## YOUR ASSIGNMENT
Below are some records. Repeat exactly the lines from the one containing "Devlet hastanesinin koridorlarında" through the final line.

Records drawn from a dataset
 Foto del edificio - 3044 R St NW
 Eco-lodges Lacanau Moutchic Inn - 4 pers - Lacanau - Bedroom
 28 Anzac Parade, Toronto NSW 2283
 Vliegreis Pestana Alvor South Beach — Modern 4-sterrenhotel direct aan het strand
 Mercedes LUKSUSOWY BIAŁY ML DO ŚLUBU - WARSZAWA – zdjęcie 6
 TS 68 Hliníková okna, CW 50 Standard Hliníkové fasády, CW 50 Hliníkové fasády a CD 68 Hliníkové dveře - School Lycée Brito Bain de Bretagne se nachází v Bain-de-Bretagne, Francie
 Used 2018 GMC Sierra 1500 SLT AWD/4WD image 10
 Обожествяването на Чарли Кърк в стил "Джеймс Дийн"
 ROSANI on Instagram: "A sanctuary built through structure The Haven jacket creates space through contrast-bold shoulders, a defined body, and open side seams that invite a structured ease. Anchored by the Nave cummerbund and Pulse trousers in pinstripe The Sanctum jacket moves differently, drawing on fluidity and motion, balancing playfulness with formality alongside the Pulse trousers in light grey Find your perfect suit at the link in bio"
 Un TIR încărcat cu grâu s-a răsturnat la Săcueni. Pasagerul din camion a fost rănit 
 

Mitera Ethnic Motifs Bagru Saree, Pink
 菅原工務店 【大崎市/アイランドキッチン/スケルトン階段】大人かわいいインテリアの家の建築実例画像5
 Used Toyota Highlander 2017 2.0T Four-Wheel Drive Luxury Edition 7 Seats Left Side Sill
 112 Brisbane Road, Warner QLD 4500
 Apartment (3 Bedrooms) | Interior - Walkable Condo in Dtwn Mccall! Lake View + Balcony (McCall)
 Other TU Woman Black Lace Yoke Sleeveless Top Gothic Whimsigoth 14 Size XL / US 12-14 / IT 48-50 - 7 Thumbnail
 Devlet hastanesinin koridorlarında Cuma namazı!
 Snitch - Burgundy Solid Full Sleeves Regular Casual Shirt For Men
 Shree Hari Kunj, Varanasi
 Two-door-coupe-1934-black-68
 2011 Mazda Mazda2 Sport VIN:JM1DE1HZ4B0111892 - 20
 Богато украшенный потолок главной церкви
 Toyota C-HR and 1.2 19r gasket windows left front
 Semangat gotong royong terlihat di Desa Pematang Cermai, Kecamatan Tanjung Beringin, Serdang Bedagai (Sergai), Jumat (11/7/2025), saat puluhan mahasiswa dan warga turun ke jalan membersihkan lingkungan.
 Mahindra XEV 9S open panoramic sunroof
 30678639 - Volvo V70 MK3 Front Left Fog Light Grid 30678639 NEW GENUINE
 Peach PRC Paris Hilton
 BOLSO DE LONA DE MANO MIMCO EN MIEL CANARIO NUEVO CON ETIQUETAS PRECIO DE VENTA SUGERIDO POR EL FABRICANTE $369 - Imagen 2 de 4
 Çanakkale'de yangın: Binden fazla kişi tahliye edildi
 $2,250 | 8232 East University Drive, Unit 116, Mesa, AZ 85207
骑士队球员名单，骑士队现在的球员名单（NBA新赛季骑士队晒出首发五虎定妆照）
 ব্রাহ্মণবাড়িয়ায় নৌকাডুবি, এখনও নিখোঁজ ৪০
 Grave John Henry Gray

## OUTPUT
 Devlet hastanesinin koridorlarında Cuma namazı!
 Snitch - Burgundy Solid Full Sleeves Regular Casual Shirt For Men
 Shree Hari Kunj, Varanasi
 Two-door-coupe-1934-black-68
 2011 Mazda Mazda2 Sport VIN:JM1DE1HZ4B0111892 - 20
 Богато украшенный потолок главной церкви
 Toyota C-HR and 1.2 19r gasket windows left front
 Semangat gotong royong terlihat di Desa Pematang Cermai, Kecamatan Tanjung Beringin, Serdang Bedagai (Sergai), Jumat (11/7/2025), saat puluhan mahasiswa dan warga turun ke jalan membersihkan lingkungan.
 Mahindra XEV 9S open panoramic sunroof
 30678639 - Volvo V70 MK3 Front Left Fog Light Grid 30678639 NEW GENUINE
 Peach PRC Paris Hilton
 BOLSO DE LONA DE MANO MIMCO EN MIEL CANARIO NUEVO CON ETIQUETAS PRECIO DE VENTA SUGERIDO POR EL FABRICANTE $369 - Imagen 2 de 4
 Çanakkale'de yangın: Binden fazla kişi tahliye edildi
 $2,250 | 8232 East University Drive, Unit 116, Mesa, AZ 85207
骑士队球员名单，骑士队现在的球员名单（NBA新赛季骑士队晒出首发五虎定妆照）
 ব্রাহ্মণবাড়িয়ায় নৌকাডুবি, এখনও নিখোঁজ ৪০
 Grave John Henry Gray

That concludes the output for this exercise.